SCOTT MORGAN INTERVIEW: PART TWO

What were the main contributions of the other guys in the band to the Rationals sound?

Steve and I were the original Rationals.  We had similar backgrounds.  We both grew up in Ann Arbor, and our parents knew each other.  His father had been a jazz trumpet player.  My parents both had musical backgrounds.  And so we hit it off pretty good, and for about a year or two there, we were the Rationals.  We just started jamming together and stuff.  From the beginning, it just seemed like I probably was the better singer, and he was the better guitar player.  So we kind of split the chores up like that.  I was the singer, and he was the guitar player, although I played guitar too.
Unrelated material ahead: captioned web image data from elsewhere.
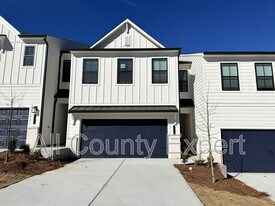 7273 Mulberry St in Flowery Branch, GA - Building Photo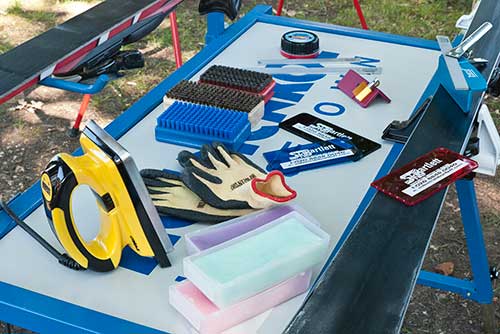 Which Ski Servicing Tools Do I Need To Use A FREE Guide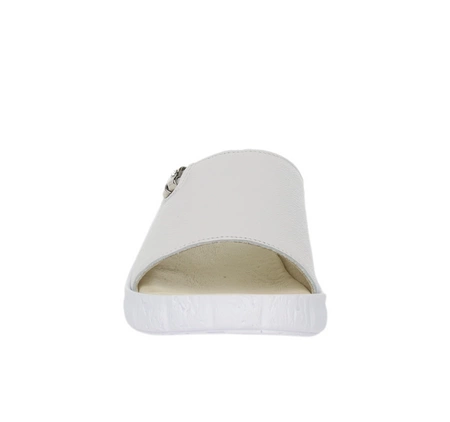 Białe komfortowe klapki damskie ze skóry naturalnej Helios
Then we started writing songs together.  In the songwriting, the same pattern emerged where he would write music, and I would write the lyrics.  And he was very inventive.  He's left-handed and played upside down.  He would restring the guitar so that the big strings are still at the top, and the little strings at the bottom, and he'd still chord the same way.  He played the way -- I think Albert King's one of them, and a few different left-handed guitar players that just play with a right-handed guitar turned upside down, so that now the first string's at the top, and the big string's at the bottom.  You have to chord it totally differently.  So you couldn't tell, looking at his chords, what the heck he was playing.

He was very inventive, almost like jazz in his playing.  He could really jam.  He liked jazz kind of stuff.  So he really added a lot, a dimension more than just a straight rock, three-chord dimension to the band.  Excellent.  Steve and Terry did all the [vocal] backups.  And they were just fantastic.  They basically made "I Need You," because their harmonies are just beautiful.  It sounds like a gospel choir behind me or something.  It's just the two of them.

Bill had been a marching band drummer.  He was the first and only drummer that we ever played with in the Rationals.  We'd had guys that like we jammed with and stuff like that, some friends in junior high that just had maybe a snare drum or something like that.  But this was the first time we had a full-time drummer with a drum set.  And it just sort of clicked.  There was always some whirl of "we gotta get another drummer, he's just not good enough," or "we don't get along with him" or something like that.  It was always a problem.  Bill was a year older than the rest of us.  He was one grade ahead of us in school.  But it was never my opinion that that was the case.  I didn't think we really needed some kind of a hotshot drummer.  I didn't think that was really holding us back or anything like that.  He did his job.

Why did you record "Leavin' Here" twice?

Jeep was still convinced that "Leavin' Here" was a hit.  He'd never been convinced otherwise.  After they flipped "Respect" over and put "Leavin' Here" on the B-side.  We went in and recorded that again next, with a keyboard player from the SRC, Glenn Quackenbush.  The original version, the "Respect" flipside version, had Deon Jackson playing keyboard on that, and bongos or something.  So now we're up to the last Cameo-Parkway record, and that's "Leavin' Here," and Jeep's convinced that it's gonna be a hit, because it just is.  He couldn't get it out of his head that it wasn't a hit. But we did it again, and that's when Cameo-Parkway folded.  I'm not sure whether it just wasn't a hit, or whether the label went out of business [in] the middle of it.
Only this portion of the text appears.